It’s dry across the Northwest, but just how dry is making many take note. Marilyn Lohman, meteorologist with the National Weather Service said when it comes to precipitation deficits:

  • Wenatchee: 1 ½”-2”
  • Yakima: 2”-2 ½”
  • Pullman: 2”-3”
  • Tri-Cities: 3”
  • Central Oregon [Bend/Redmond]: 3”
  • Spokane: 5”

“But there is an area stretching from central Oregon through much of south-central and across eastern Washington that’s only gotten about 25%-50% of normal," Lohmann noted. "This is the largest precipitation deficit I’ve seen in 20 years.  You know, we have a lot of the area that has been included in D-3 and D-4, you know, the Exception Drought areas.”

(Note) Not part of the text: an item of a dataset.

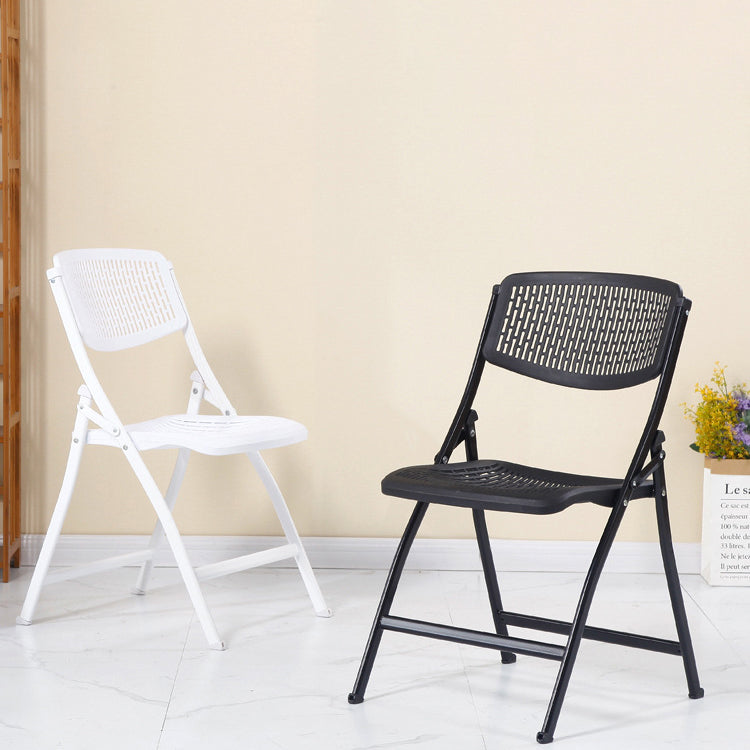 Chaise de bureau pliante carrée moderne minimaliste en PP et en acier avec dossier pour la maison et le bureau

Lohmann added the drought of 2021 is not like the drought of 2015, which was a snowpack drought; this year is a lack of rain. Lohmann said it’s still too early to say what records will be set when it comes to rainfall or lack thereof. But she’s confident 2021 will be discussed for years to come.

“Just the overall dryness of the entire year and the well above normal temperatures extending back way before the heat wave even started in late June.  I think we’ll see some records come of out of that, by the time we get to the end of the year.”

Lohmann said it doesn’t look like this weather pattern will change anytime soon, with above normal temperatures and below normal precipitation expected over the next week or two. She added, another batch of extreme heat could move into the area starting Tuesday of next week.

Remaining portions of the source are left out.